Short descriptive text snippets
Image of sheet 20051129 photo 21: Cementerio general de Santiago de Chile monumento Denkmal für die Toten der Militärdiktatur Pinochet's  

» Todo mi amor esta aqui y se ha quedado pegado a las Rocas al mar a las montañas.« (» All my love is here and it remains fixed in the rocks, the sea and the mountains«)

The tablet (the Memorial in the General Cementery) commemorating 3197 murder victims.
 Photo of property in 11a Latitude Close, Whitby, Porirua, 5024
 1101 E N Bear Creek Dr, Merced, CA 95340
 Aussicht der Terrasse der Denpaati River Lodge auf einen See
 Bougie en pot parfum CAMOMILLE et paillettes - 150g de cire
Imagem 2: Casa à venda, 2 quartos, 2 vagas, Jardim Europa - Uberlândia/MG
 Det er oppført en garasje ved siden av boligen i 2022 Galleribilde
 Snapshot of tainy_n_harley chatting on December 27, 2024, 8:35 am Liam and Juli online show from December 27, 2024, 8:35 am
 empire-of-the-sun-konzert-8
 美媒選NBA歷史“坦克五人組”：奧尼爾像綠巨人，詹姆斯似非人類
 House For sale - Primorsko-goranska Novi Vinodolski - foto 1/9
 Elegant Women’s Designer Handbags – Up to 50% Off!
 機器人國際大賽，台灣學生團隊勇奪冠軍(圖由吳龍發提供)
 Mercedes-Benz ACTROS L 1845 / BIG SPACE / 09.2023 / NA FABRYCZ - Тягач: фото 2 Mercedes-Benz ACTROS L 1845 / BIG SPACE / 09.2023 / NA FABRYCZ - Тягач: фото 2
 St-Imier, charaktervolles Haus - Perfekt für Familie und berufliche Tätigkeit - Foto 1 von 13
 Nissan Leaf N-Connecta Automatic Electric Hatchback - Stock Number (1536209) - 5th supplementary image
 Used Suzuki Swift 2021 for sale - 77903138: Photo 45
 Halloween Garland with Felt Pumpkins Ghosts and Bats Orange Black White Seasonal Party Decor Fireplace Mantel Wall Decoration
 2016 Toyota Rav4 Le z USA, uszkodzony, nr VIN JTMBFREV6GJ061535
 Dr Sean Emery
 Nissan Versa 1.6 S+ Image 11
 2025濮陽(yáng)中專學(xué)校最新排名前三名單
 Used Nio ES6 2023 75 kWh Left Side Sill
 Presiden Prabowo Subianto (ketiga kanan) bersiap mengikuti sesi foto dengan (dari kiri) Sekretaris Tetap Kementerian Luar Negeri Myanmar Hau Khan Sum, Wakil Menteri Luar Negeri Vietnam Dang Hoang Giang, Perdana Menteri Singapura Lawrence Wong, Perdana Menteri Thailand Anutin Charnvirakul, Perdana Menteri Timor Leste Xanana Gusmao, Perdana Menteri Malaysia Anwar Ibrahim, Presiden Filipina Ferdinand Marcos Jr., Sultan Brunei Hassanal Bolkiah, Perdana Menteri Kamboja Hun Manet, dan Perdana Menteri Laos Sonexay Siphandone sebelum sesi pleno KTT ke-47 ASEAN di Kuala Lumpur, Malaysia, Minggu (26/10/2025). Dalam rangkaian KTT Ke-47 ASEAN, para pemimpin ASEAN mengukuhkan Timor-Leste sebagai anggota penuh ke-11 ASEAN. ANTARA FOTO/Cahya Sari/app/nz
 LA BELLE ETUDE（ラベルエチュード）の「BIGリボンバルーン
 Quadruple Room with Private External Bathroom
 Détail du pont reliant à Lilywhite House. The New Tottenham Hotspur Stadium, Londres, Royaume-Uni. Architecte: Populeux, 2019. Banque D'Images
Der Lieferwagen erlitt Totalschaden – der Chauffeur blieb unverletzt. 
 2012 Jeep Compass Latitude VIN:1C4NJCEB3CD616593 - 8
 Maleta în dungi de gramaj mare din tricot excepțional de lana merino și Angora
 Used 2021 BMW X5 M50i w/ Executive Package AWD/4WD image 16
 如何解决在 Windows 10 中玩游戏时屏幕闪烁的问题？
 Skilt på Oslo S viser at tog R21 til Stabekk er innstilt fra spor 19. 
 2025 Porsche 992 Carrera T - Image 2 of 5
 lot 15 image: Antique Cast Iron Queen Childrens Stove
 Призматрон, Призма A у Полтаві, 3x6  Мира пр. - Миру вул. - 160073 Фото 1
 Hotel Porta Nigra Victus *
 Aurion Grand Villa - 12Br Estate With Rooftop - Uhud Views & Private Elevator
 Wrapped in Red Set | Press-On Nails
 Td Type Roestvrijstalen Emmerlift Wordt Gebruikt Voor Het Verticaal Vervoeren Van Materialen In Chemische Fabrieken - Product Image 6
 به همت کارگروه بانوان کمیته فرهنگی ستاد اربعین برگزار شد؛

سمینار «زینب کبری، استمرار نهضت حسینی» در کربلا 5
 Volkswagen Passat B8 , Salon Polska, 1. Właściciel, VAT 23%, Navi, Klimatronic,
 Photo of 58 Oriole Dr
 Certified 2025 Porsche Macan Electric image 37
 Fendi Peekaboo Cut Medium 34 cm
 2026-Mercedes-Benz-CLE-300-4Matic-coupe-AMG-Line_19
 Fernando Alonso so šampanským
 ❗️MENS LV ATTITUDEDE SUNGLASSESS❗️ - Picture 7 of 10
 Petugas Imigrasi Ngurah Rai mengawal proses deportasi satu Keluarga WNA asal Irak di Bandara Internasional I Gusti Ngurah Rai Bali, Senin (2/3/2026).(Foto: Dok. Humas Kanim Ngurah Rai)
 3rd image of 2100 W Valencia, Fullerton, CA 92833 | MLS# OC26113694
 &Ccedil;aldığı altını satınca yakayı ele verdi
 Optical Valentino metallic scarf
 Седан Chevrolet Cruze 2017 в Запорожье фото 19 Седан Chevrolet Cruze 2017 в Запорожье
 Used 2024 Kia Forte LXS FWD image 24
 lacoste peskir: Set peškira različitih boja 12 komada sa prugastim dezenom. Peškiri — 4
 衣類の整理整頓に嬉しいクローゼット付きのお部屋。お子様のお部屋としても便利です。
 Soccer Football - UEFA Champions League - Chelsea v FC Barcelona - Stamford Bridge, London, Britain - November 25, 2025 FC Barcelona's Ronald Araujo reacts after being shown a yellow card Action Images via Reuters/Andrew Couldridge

### Exercise:
Once you have counted the lines above that hold the word "Mercedes", report only that total.

### Task solution:
2